Jamaica has been responding to the plight of marginalised teen girls through the work of the Women’s Centre of Jamaica Foundation (WCJF). Executive Director of the Foundation, Dr. Zoe Simpson, explained that the WCFJ was set up in 1978 to respond to the high level of teen pregnancy across the island.
With its headquarters at 42 Trafalgar Road in Kingston, and branches across the island, the WCJF provides a structured programme for pregnant teenagers who have dropped out of the formal school system.
Its impact, she said, was almost immediate.
“Back then, the teenage pregnancy rate was 31 per cent. A girl would get pregnant, drop out of school, and we wouldn’t hear from her until she resurfaces with another two babies,” Dr. Simpson told JIS.
“What the Women’s Centre seeks to do, and has been doing, is to help her (teen mother) get up and get on with her life, and if she did not have a dream, we help her to reach inside of herself and begin to dream.”
The Centre’s programme comprises two components – counselling and academics. Under the academic component, expectant mothers continue their studies until they are able to return to the formal school system. Counselling is provided to help girls ‘come to terms with their pregnancy’ and make informed decisions on the different contraceptive methods, according to Dr. Simpson.
“We cannot just look at the girls and say you wicked and you bad. A girl is pregnant, she made a mistake, and everybody makes mistakes.
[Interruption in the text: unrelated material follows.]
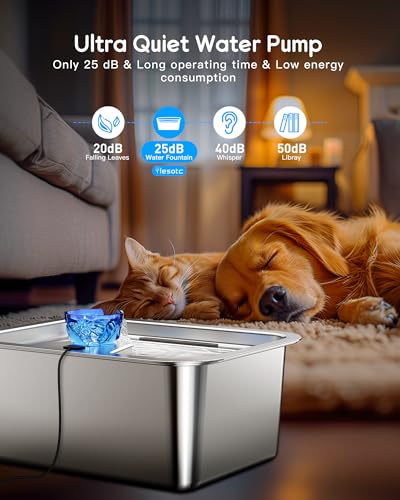 Large Dog Water Fountain Dispenser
They want to get out, they want to get on with their lives, they want to complete their education and they need somebody to hold their hands and provide the support. This is what we seek to do,” said Dr. Simpson.
Teen Pregnancy Trending Down
Dr. Simpson noted that, in 2008, when the last survey on teenage pregnancy was done, it showed that teen pregnancy was down to 18 per cent.
The executive director noted that based on the declining number of girls being enrolled in Women Centres in recent times, as well as other factors, she believes teen pregnancy has even fallen below 18 per cent.
“Five or so years ago we had an average of 1,500 and we tapered down to 1,288. As at March 2016, we had 1,187 girls at Women Centres across Jamaica.”
“We also take into consideration pregnant teenagers who declined to be a part of the programme and even if we were to add that number to those who actually come we still have a lower rate than we had years ago.”
Stressing that the evidence is only anecdotal, she said a new survey is needed.
Meanwhile, the executive director said that despite the successes the WCJF has been reaping over the years, the incidence of teenage pregnancy is still unacceptably high.
“We have seen some success, but that’s not to say we have become complacent. We are still going on the ground, scouring the communities and interfacing with the parents and the nurses and the doctors and so on.”
“What we are doing is investing in the lives of our girls. The human capital has to be sufficiently positioned. It has to be an integral part of vision 2030 Jamaica,” said Dr. Simpson.
Vision 2030 Jamaica is a strategic road map to guide the country to achieve its goals of sustainable development and prosperity by 2030.